Transactional systems are often high-volume, sometimes handling many millions of transactions in a single day. The data being processed has to be accessible very quickly. The work performed by transactional systems is often referred to as Online Transactional Processing (OLTP).
OLTP solutions rely on a database system in which data storage is optimized for both read and write operations in order to support transactional workloads in which data records are created, retrieved, updated, and deleted (often referred to as CRUD operations).
OLTP systems enforce transactions that support so-called ACID semantics:
- Atomicity – each transaction is treated as a single unit, which succeeds completely or fails completely. For example, a transaction that involved debiting funds from one account and crediting the same amount to another account must complete both actions. If either action can't be completed, then the other action must fail.

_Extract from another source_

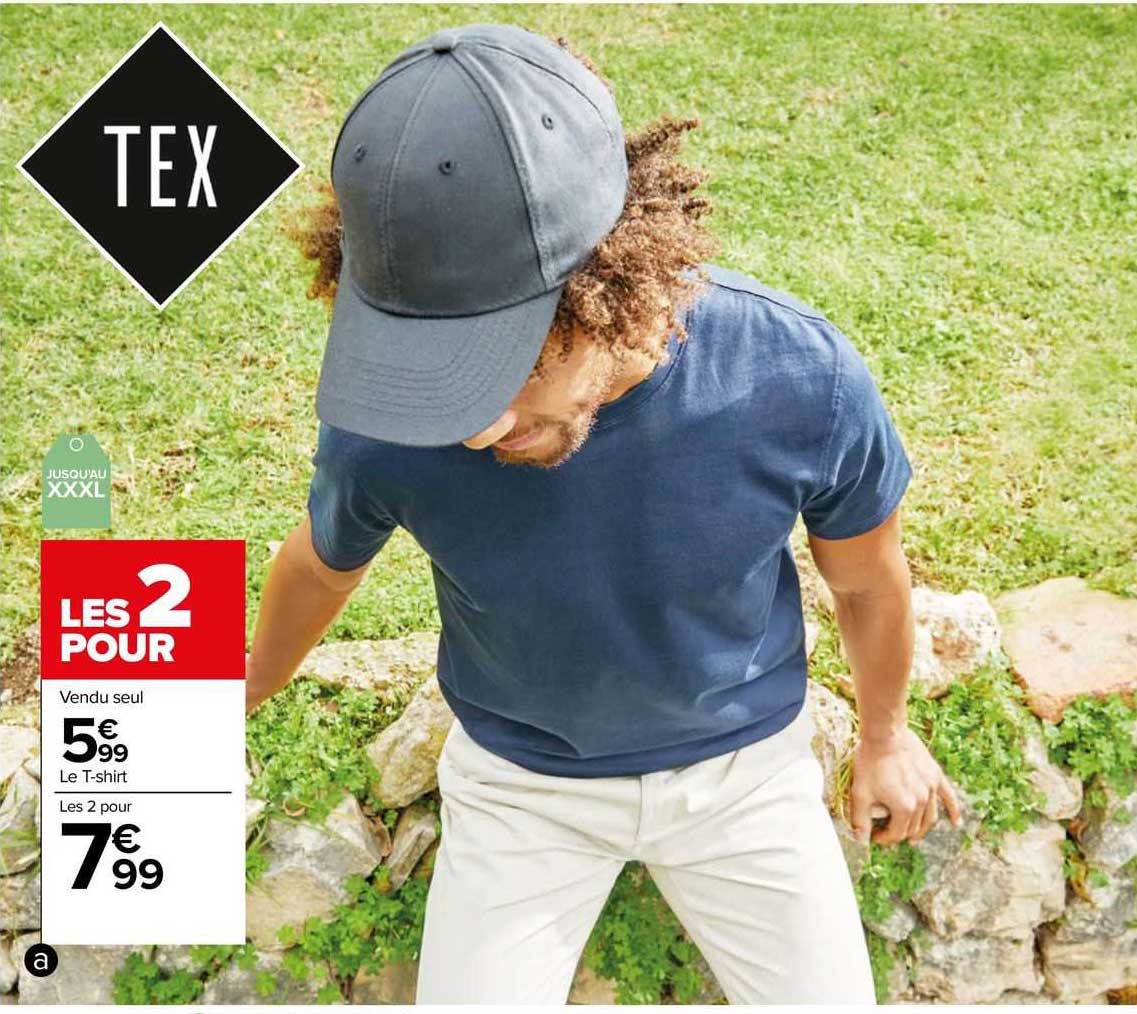 tex le t-shirt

- Consistency – transactions can only take the data in the database from one valid state to another. To continue the debit and credit example above, the completed state of the transaction must reflect the transfer of funds from one account to the other.
- Isolation – concurrent transactions cannot interfere with one another, and must result in a consistent database state. For example, while the transaction to transfer funds from one account to another is in-process, another transaction that checks the balance of these accounts must return consistent results - the balance-checking transaction can't retrieve a value for one account that reflects the balance before the transfer, and a value for the other account that reflects the balance after the transfer.

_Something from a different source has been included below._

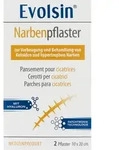 Evolsin Narbenpflaster mit Hyaluron 2 St Pflaster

- Durability – when a transaction has been committed, it will remain committed. After the account transfer transaction has completed, the revised account balances are persisted so that even if the database system were to be switched off, the committed transaction would be reflected when it is switched on again.
analytical data processing
- Data files may be stored in a central data lake for analysis.
- An extract, transform, and load (ETL) process copies data from files and OLTP databases into a data warehouse that is optimized for read activity. Commonly, a data warehouse schema is based on fact tables that contain numeric values you want to analyze (for example, sales amounts), with related dimension tables that represent the entities by which you want to measure them (for example, customer or product),
- Data in the data warehouse may be aggregated and loaded into an online analytical processing (OLAP) model, or cube. Aggregated numeric values (measures) from fact tables are calculated for intersections of dimensions from dimension tables. For example, sales revenue might be totaled by date, customer, and product.
- The data in the data lake, data warehouse, and analytical model can be queried to produce reports, visualizations, and dashboards.Data lakes are common in large-scale data analytical processing scenarios, where a large volume of file-based data must be collected and analyzed
Different types of user might perform data analytical work at different stages of the overall architecture. For example:
- Data scientists might work directly with data files in a data lake to explore and model data.
- Data Analysts might query tables directly in the data warehouse to produce complex reports and visualizations.
- Business users might consume pre-aggregated data in an analytical model in the form of reports or dashboards.
An OLAP model is an aggregated type of data storage that is optimized for analytical workloads. Data aggregations are across dimensions at different levels, enabling you to drill up/down to view aggregations at multiple hierarchical levels; for example to find total sales by region, by city, or for an individual address. Because OLAP data is pre-aggregated, queries to return the summaries it contains can be run quickly.